I have contacted a couple of rescues who don't come on here and so far neither think that they can help with rescue places.

If a rescue near to you that rescues rabbits is able to help, maybe you could supply the details of the person who has agreed to help and pass them on when more is known about what will ultimately happen with the rabbits. Please don't post the contact details on here unless they are publically known anyway.

BUT, we will have to wait and see what happens with this in the next couple of days"

and

"So I am thinking, that if anyone can help with A RESCUE PLACE ONLY (if you can foster for a rescue that has agreed to pay/support and rehome the rabbits), or if you are a private individual that is prepared to take on a rabbit/some rabbits (at your own risk and expense), and adopt them or rehome them yourselves please can you e-mail me the following:

Your RU name, your proper name, your address, your phone number and exactly what you can offer.

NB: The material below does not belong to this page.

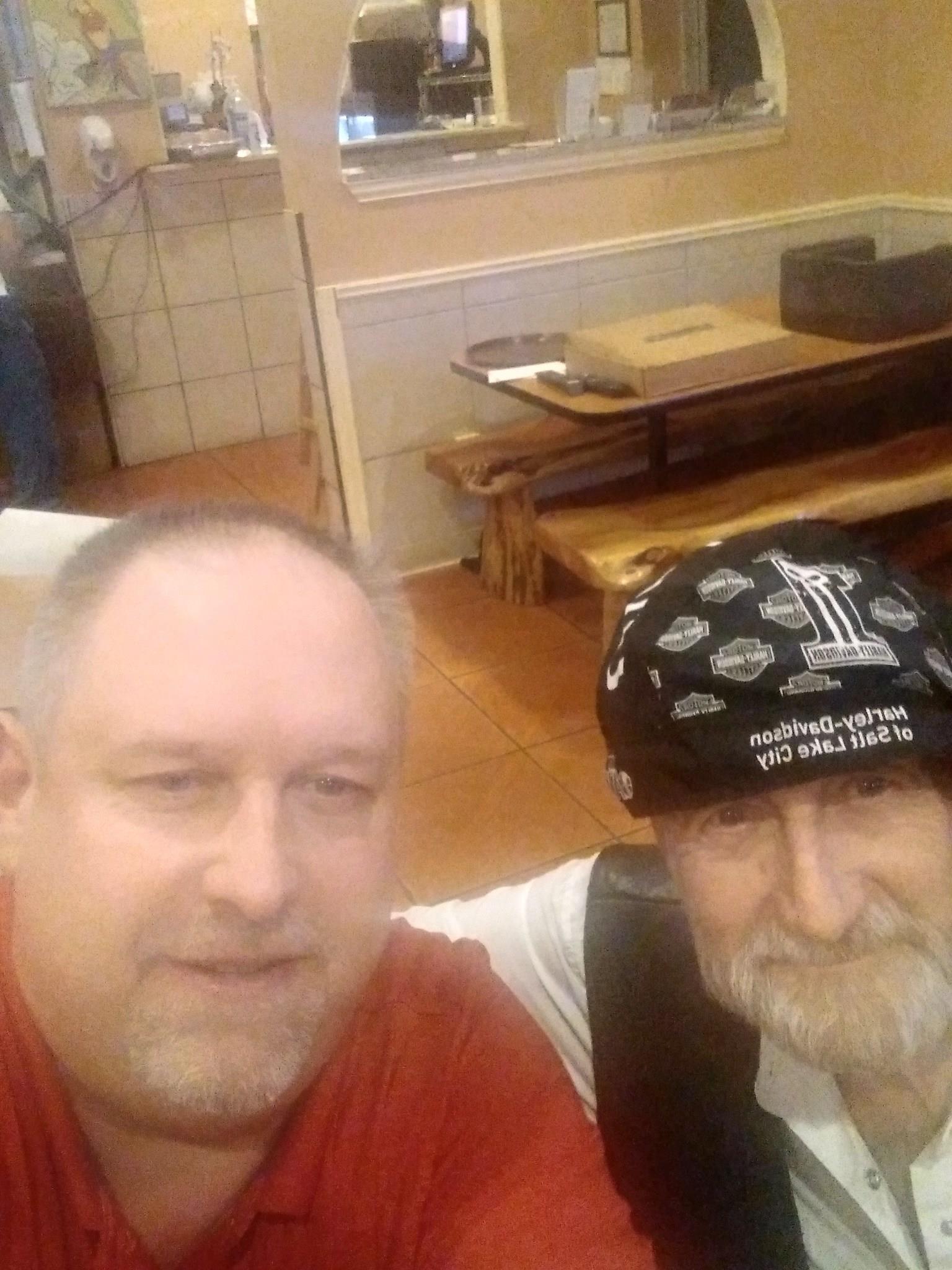 Two men smile as they take a selfie in a cozy restaurant filled with wooden furnishings.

If this is for a rescue, please give the name and contact details of the rescue offering the support/placement and when the place would be available from.

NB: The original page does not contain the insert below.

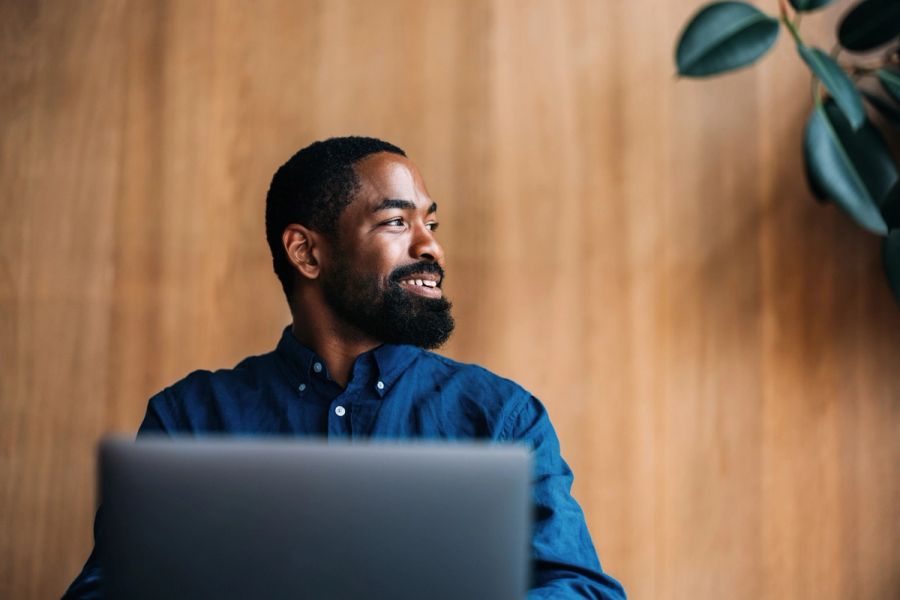 A confident professional man sits working on his laptop in a modern office space.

FOR THOSE OFFERING BUNNY RUNS, SAME THING APPLIES, PLEASE TELL US WHAT YOU CAN OFFER, WHEN AND WHAT AREA YOU ARE PREPARED TO COVER.

As yet, it is not clear if we will be taking any rabbits out of this situation so please keep checking back on here.

PLEASE DO NOT PM ME, ONLY USE [email protected]. You may not recieve an immediate response and may only hear something when we know more about the bigger picture.

The offers of help for guinea pig placements are being coordinated by Anna at Wheek and Squeek Rescue in Southampton so any contact would ideally be made directly with her.

Thank you.


----------



## crofty (May 2, 2008)

The Duchess said:


> Hello everybody
> 
> I have just joined your forum today because I am a member of RU and am trying to coordinate any offers of help to either transport or rehome the rabbits in the situation near Lymington.
> 
> ...


Have just put this on a new thread for you!


----------



## hazyreality (Jan 11, 2009)

Was at the local RSPCA on Sat and they were virtually empty in the rabbits and didnt have ANY guineas in! I am working all day thru to thurs and cant contact them(I am at work for all of their opening hours!) but heres their contact details if anyone wants to try them. The lady who deals with small animals is Julie(she is lovely and if she is allowed to help, she will!)

R S P C A, Block Fen Animal Centre
Block Fen Drove
Wimblington
MARCH
PE15 0FB
Contact details:
0300 123 0726
[email protected]

Sorry I cant contact them myself, I just work the wrong times!

Oh, and according to Julie, Woodgreen at Godmanchester have very few piggies in aswell. They dont have a huge ammount of space for rabbits, but worth a phone call maybe.

*Heidi*


----------



## The Duchess (Aug 28, 2010)

Thank you Heidi.

All the rabbits (68 of them) were taken out today and now have places in rescue or in private homes.

Good job all involved and a massive thank you to all who offered support.

Helen


----------



## hazyreality (Jan 11, 2009)

Well done to everyone envolved! What a great bunch of people you all are? Now I wonder how many pregnancies and therefore babies there will be?

*Heidi*


----------